The aim is to develop active control systems for a wide range of wave energy converters (WECs) in order to balance energy capture against component loading in order to minimise the cost of energy. Wave energy still faces many technological challenges on the path to commercialisation. At the heart of much of the mistrust associated with the various concepts is the cost of energy relative to other renewable sources. Nevertheless the potential resource is recognised as highly significant and great efforts are being input to pursue the goal of affordable energy production.
Regardless of the WEC architecture, it must be controlled to maximise efficiency across the wide range of operating conditions it will experience. The control system can also be used to limit load transmission to aid survivability. Many control strategy studies have been limited to idealised single degree-of-freedom WECs which are not realistic. Additionally, many control strategies are very complex, difficult to implement in real time and rely on the future prediction of wave forces which is difficult to achieve. This project is developing a control strategy which is intuitive to implement and tune, and is robust to modelling errors and other uncertainty. It is also applicable to a wide range of WECs with multiple degrees-of-freedom. The WaveSub WEC under development by Marine Power Systems Ltd has been used as a target device and has been the subject of experimental studies conducted to validate numerical models previously.
A nonlinear time-domain simulation model of the WaveSub WEC has been produced and an optimally tuned passively damped configuration has been used as a performance benchmark.
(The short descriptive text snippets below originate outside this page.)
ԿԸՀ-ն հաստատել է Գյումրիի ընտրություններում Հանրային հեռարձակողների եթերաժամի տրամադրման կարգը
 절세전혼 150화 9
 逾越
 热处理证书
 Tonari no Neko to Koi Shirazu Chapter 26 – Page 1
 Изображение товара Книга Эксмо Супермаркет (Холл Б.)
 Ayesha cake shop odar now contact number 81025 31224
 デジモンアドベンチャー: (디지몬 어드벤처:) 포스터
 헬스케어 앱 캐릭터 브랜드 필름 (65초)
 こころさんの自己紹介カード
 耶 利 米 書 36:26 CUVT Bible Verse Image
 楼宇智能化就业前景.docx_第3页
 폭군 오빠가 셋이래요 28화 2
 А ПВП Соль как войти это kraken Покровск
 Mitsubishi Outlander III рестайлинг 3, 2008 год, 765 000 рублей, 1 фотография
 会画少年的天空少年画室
The passive and actively controlled systems were tested with a range of realistic sea states and good performance is observed for the actively controlled system. Mean power increases of between 13% and 86% are seen compared to the optimal passive system. Experimental testing will follow in due course to verify the findings. Some outputs from this project can be found in the following papers:
Hillis, A.J., Whitlam, C., Brask, A., Chapman, J. and Plummer, A.R. Power capture gains for the WaveSub submerged WEC using active control, in Proceedings of the 13th European Wave and Tidal Energy Conference, 1st – 6th of September 2019, Napoli, Italy.
Hillis, A.J., Plummer, A.R., Zeng, X., Chapman, J. Simulation of a power electronic conversion system with short-term energy storage for actively controlled wave energy converters, in Proceedings of the 6th Offshore Energy and Storage Summit, 10th – 12th July 2019, Brest, France.
The developed control strategy shows promise to provide a substantial increase in power capture for a wide range of WEC concepts for a minimal additional device cost. The control system is key to unlocking the generation potential of any WEC and is the bridge between all the subsystems in the device. As such it is an enabling tool to drive the holistic design of a complete WEC system to reduce the cost of energy and accelerate the commercialisation of wave energy.